EXERCISE AIM: Retype, without changes, every line from the line that contains "1961 South Africa" through the final line of the records. Exclude pictures.

DATA PROVIDED:
• • • •

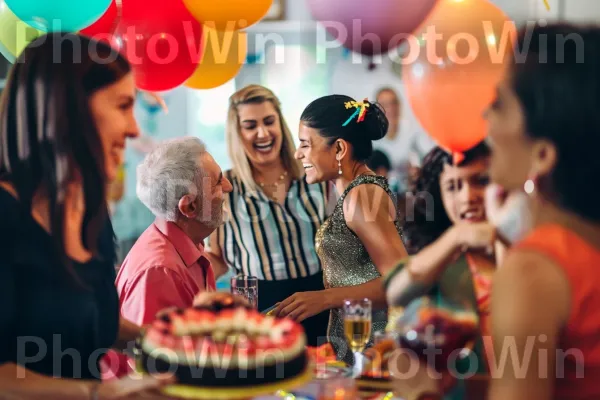 רגעים מחממי לב ששותפים לאהובים במסיבת הפתעה אינטימית. בַּלוֹן, תְאוּרָה, שַׂמֵחַ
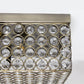 All The Rages Lalia Home 12" Antique Brass 2-Light Classix Glam Square Crystal & Metal Flush Mount Ceiling Light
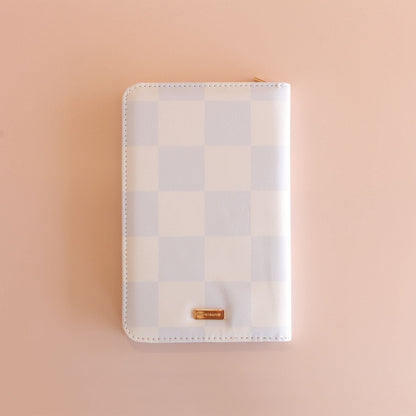 Fox & Fallow Travel Wallet - Powdered Blue Checkered
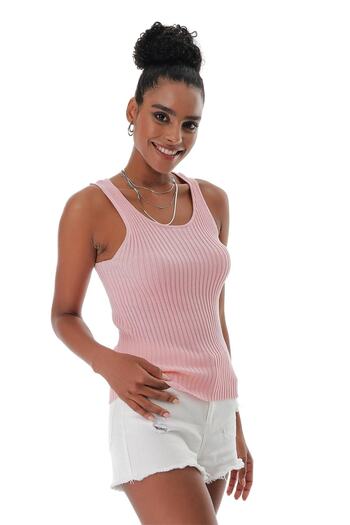 CHUBA Ribbed Cut Women's Knitwear Tank Top - Pool Collar, Thin Cotton, Pink 23s1015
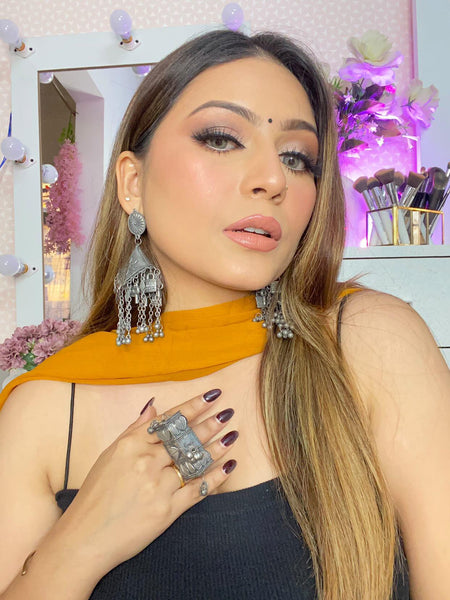 German Silver Afghani  Ghungroo Earrings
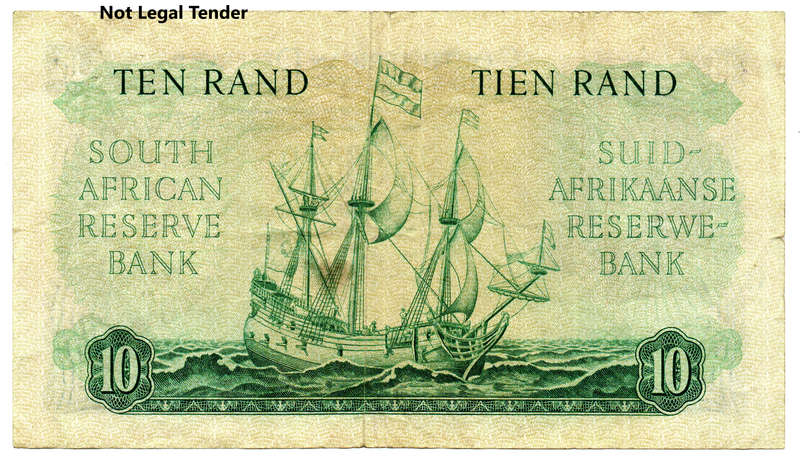 1961 South Africa MH De Kock Type 1 Fourth and Only Issue R10, verticle fold, left edge tear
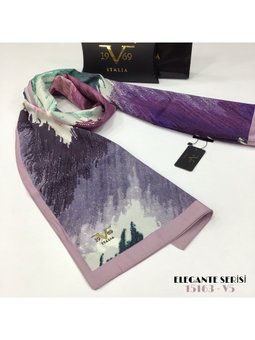 Geometrik Desen Elegante Seri Viscon Askısı İle Birlikte 75x200 Cm Pudra Şal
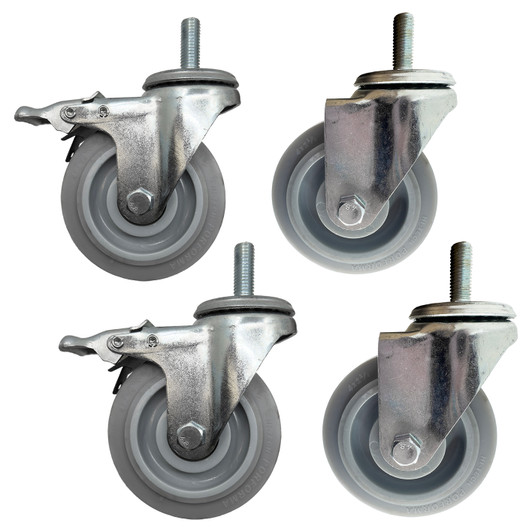 Stainless Steel 4" Castor Set - 2 lockable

• • • •

SOLUTION FOR THIS EXERCISE:
 1961 South Africa MH De Kock Type 1 Fourth and Only Issue R10, verticle fold, left edge tear
 Geometrik Desen Elegante Seri Viscon Askısı İle Birlikte 75x200 Cm Pudra Şal
 Stainless Steel 4" Castor Set - 2 lockable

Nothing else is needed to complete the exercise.